## [Exercise details]
Below are records; write all of them out exactly.

## [Source material]
- - - -
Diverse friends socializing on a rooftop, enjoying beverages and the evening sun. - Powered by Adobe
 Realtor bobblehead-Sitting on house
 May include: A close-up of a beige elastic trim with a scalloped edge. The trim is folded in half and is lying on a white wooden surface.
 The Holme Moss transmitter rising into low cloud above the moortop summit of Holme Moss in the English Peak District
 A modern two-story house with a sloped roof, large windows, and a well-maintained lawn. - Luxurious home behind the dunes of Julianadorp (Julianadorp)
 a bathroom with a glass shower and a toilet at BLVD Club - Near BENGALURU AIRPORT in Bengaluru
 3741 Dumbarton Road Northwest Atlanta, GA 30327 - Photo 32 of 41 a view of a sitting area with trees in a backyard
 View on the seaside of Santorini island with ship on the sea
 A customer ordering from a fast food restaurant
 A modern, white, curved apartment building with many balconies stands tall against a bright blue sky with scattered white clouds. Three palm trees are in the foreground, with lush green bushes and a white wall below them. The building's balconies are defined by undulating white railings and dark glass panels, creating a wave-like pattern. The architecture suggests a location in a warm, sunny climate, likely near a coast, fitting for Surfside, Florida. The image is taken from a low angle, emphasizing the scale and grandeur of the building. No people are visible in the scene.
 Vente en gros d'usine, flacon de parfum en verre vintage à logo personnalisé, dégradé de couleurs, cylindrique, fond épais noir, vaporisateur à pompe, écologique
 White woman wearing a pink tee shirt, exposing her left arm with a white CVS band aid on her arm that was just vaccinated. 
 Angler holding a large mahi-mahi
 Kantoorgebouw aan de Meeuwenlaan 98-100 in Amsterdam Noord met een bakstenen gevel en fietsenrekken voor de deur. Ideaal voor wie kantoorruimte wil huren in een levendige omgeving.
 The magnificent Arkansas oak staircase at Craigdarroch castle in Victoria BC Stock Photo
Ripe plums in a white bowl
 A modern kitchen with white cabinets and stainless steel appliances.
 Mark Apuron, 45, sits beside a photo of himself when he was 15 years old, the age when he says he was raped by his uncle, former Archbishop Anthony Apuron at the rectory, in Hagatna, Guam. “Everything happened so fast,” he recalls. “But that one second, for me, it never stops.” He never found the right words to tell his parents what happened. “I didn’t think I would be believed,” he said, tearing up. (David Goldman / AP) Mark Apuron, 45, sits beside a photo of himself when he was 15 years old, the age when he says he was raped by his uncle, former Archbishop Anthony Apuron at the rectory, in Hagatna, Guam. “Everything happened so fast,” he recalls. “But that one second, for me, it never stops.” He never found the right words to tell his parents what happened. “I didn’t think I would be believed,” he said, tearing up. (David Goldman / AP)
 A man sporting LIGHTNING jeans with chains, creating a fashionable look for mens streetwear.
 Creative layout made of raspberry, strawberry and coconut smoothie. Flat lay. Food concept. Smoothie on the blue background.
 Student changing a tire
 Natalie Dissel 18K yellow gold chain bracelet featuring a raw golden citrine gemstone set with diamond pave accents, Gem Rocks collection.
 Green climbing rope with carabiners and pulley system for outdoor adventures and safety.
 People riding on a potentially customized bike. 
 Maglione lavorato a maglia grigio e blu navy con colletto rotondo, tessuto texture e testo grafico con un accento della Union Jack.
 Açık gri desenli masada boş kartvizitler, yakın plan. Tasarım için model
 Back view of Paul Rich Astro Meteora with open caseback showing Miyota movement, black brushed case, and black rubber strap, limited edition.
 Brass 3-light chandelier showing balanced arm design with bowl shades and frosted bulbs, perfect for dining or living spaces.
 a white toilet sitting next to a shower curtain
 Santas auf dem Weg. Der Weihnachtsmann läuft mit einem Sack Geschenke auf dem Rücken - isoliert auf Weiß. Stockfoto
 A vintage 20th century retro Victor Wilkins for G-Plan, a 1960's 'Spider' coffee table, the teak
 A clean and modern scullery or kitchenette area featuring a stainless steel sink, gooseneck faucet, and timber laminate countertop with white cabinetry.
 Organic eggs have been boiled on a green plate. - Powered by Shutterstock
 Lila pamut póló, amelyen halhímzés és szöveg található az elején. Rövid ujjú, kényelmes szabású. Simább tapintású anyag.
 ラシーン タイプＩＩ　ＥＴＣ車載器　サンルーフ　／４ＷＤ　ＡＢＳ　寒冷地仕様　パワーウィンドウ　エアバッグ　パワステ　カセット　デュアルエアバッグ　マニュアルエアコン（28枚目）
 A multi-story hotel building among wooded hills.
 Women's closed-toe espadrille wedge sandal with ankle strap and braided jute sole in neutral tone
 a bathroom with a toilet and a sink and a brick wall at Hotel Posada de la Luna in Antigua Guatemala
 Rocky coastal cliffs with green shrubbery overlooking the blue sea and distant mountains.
- - - -
## [Answer]
Diverse friends socializing on a rooftop, enjoying beverages and the evening sun. - Powered by Adobe
 Realtor bobblehead-Sitting on house
 May include: A close-up of a beige elastic trim with a scalloped edge. The trim is folded in half and is lying on a white wooden surface.
 The Holme Moss transmitter rising into low cloud above the moortop summit of Holme Moss in the English Peak District
 A modern two-story house with a sloped roof, large windows, and a well-maintained lawn. - Luxurious home behind the dunes of Julianadorp (Julianadorp)
 a bathroom with a glass shower and a toilet at BLVD Club - Near BENGALURU AIRPORT in Bengaluru
 3741 Dumbarton Road Northwest Atlanta, GA 30327 - Photo 32 of 41 a view of a sitting area with trees in a backyard
 View on the seaside of Santorini island with ship on the sea
 A customer ordering from a fast food restaurant
 A modern, white, curved apartment building with many balconies stands tall against a bright blue sky with scattered white clouds. Three palm trees are in the foreground, with lush green bushes and a white wall below them. The building's balconies are defined by undulating white railings and dark glass panels, creating a wave-like pattern. The architecture suggests a location in a warm, sunny climate, likely near a coast, fitting for Surfside, Florida. The image is taken from a low angle, emphasizing the scale and grandeur of the building. No people are visible in the scene.
 Vente en gros d'usine, flacon de parfum en verre vintage à logo personnalisé, dégradé de couleurs, cylindrique, fond épais noir, vaporisateur à pompe, écologique
 White woman wearing a pink tee shirt, exposing her left arm with a white CVS band aid on her arm that was just vaccinated. 
 Angler holding a large mahi-mahi
 Kantoorgebouw aan de Meeuwenlaan 98-100 in Amsterdam Noord met een bakstenen gevel en fietsenrekken voor de deur. Ideaal voor wie kantoorruimte wil huren in een levendige omgeving.
 The magnificent Arkansas oak staircase at Craigdarroch castle in Victoria BC Stock Photo
Ripe plums in a white bowl
 A modern kitchen with white cabinets and stainless steel appliances.
 Mark Apuron, 45, sits beside a photo of himself when he was 15 years old, the age when he says he was raped by his uncle, former Archbishop Anthony Apuron at the rectory, in Hagatna, Guam. “Everything happened so fast,” he recalls. “But that one second, for me, it never stops.” He never found the right words to tell his parents what happened. “I didn’t think I would be believed,” he said, tearing up. (David Goldman / AP) Mark Apuron, 45, sits beside a photo of himself when he was 15 years old, the age when he says he was raped by his uncle, former Archbishop Anthony Apuron at the rectory, in Hagatna, Guam. “Everything happened so fast,” he recalls. “But that one second, for me, it never stops.” He never found the right words to tell his parents what happened. “I didn’t think I would be believed,” he said, tearing up. (David Goldman / AP)
 A man sporting LIGHTNING jeans with chains, creating a fashionable look for mens streetwear.
 Creative layout made of raspberry, strawberry and coconut smoothie. Flat lay. Food concept. Smoothie on the blue background.
 Student changing a tire
 Natalie Dissel 18K yellow gold chain bracelet featuring a raw golden citrine gemstone set with diamond pave accents, Gem Rocks collection.
 Green climbing rope with carabiners and pulley system for outdoor adventures and safety.
 People riding on a potentially customized bike. 
 Maglione lavorato a maglia grigio e blu navy con colletto rotondo, tessuto texture e testo grafico con un accento della Union Jack.
 Açık gri desenli masada boş kartvizitler, yakın plan. Tasarım için model
 Back view of Paul Rich Astro Meteora with open caseback showing Miyota movement, black brushed case, and black rubber strap, limited edition.
 Brass 3-light chandelier showing balanced arm design with bowl shades and frosted bulbs, perfect for dining or living spaces.
 a white toilet sitting next to a shower curtain
 Santas auf dem Weg. Der Weihnachtsmann läuft mit einem Sack Geschenke auf dem Rücken - isoliert auf Weiß. Stockfoto
 A vintage 20th century retro Victor Wilkins for G-Plan, a 1960's 'Spider' coffee table, the teak
 A clean and modern scullery or kitchenette area featuring a stainless steel sink, gooseneck faucet, and timber laminate countertop with white cabinetry.
 Organic eggs have been boiled on a green plate. - Powered by Shutterstock
 Lila pamut póló, amelyen halhímzés és szöveg található az elején. Rövid ujjú, kényelmes szabású. Simább tapintású anyag.
 ラシーン タイプＩＩ　ＥＴＣ車載器　サンルーフ　／４ＷＤ　ＡＢＳ　寒冷地仕様　パワーウィンドウ　エアバッグ　パワステ　カセット　デュアルエアバッグ　マニュアルエアコン（28枚目）
 A multi-story hotel building among wooded hills.
 Women's closed-toe espadrille wedge sandal with ankle strap and braided jute sole in neutral tone
 a bathroom with a toilet and a sink and a brick wall at Hotel Posada de la Luna in Antigua Guatemala
 Rocky coastal cliffs with green shrubbery overlooking the blue sea and distant mountains.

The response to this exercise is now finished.